Really really tempted

ghce

Well-Known Member
After I had a vivid dream of a well side P4 this certainly has got me thinking and it's a 110 as well which are becoming much rarer now-days and they were perhaps arguably the best of the P4's especially when it comes to keeping up with the moderns on the road as an every day car.

http://www.trademe.co.nz/Browse/Listing ... =557626873

As a utility working vehicle it would ensure it's survival well into this century rather than going to the scrapper as it seems assured to be.
In NZ work vehicles especially utes and vans attract a premium price when compared to a family car.
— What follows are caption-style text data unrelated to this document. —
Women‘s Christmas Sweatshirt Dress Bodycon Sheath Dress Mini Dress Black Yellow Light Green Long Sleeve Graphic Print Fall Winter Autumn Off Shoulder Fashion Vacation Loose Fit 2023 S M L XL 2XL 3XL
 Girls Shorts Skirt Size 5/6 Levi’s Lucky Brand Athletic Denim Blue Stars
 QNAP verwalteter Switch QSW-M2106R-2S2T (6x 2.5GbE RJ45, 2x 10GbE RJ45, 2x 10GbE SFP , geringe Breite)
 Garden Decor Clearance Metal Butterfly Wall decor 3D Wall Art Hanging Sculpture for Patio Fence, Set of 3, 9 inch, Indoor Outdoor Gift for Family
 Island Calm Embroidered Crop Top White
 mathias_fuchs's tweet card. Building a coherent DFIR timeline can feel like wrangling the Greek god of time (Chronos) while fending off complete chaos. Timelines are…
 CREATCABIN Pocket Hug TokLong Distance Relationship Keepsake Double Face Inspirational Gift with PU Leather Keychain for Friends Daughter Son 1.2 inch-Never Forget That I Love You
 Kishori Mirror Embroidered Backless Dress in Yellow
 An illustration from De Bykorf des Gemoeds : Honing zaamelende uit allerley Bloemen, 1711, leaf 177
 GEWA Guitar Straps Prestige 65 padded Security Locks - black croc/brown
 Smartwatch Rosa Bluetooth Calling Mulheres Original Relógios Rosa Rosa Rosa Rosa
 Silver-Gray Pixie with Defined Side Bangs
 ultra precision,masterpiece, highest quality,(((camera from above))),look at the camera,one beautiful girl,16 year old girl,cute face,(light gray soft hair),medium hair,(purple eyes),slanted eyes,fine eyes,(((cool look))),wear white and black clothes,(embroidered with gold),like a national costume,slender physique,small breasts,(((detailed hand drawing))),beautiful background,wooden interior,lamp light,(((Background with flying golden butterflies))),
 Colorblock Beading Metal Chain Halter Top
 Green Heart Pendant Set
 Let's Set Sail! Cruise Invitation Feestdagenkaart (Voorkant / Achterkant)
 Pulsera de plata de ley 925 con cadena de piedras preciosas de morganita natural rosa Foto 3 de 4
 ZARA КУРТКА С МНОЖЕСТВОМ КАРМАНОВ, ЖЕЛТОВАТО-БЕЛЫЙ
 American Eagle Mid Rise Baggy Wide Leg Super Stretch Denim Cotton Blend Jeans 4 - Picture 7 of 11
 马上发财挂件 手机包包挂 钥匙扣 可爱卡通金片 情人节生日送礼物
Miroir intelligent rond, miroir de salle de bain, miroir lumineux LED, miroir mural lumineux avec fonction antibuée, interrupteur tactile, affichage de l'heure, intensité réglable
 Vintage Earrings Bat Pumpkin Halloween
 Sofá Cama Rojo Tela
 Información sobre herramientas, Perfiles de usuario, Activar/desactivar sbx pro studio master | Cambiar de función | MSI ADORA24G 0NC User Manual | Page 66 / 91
Here is an example of what I mean, maybe the English product doesn't have the same cache' as the US steel but as for novelty I feel a P4 110 pick up well-side would be the mutts nuts.
http://www.classiccar.co.nz/articles/cl ... pickup-177

Graeme
 
The 110's can certainly raise a few eyebrows when they pick up their skirts, even more so if you do away with most of the rear part of the car & I found ours very easy to use as an everyday car & very reliable.
When I finally get round to doing something with her I just know I won't want to sell her. They have old world charm in spades.

Go for it! :wink:
 
That's been done before in the UK and the result is distinctive and rather cute! Looks even better with one of the earlier low front wing P4 variants. And the P4 engine bay is known to accet a V8...

Chris
 
I was trying to imagine a p5 and a p6 in ute form and can not for the life of me think how they would look any good, however the p4 I can see that it would look just right, the perfect balance of width and height and front guard shape, the deck height and try shape would match very well with the door and guard waist heights.

Graeme
 
Can you still make Pick ups out of cars over there?
You cannot do that here anymore, apparently, there is no catagory for vehicles converted to pick ups on a BIVA test which you need to have if you have modified a monocoque structure.
Ok, you are now going to tell me that the P4 has a seperate chassis........ :oops:
 
As Chris York noted, it's been done before in the UK, most notably by Denis Jenkinson, who chopped a Rover 90 to carry his sprint bike back in the 50/60s.
Jenkinson was not a nervous man, he 'passengered' Stirling Moss when they won the Mille Miglia in a Mercedes Benz 300SLR in 1955 and rode the chair for Eric Oliver to two Motorcycle Sidecar World Championships a few years earlier.
For many years he was "Continental Correspondent" for Motorsport magazine in the UK and wrote some of the best books ever about motor racing.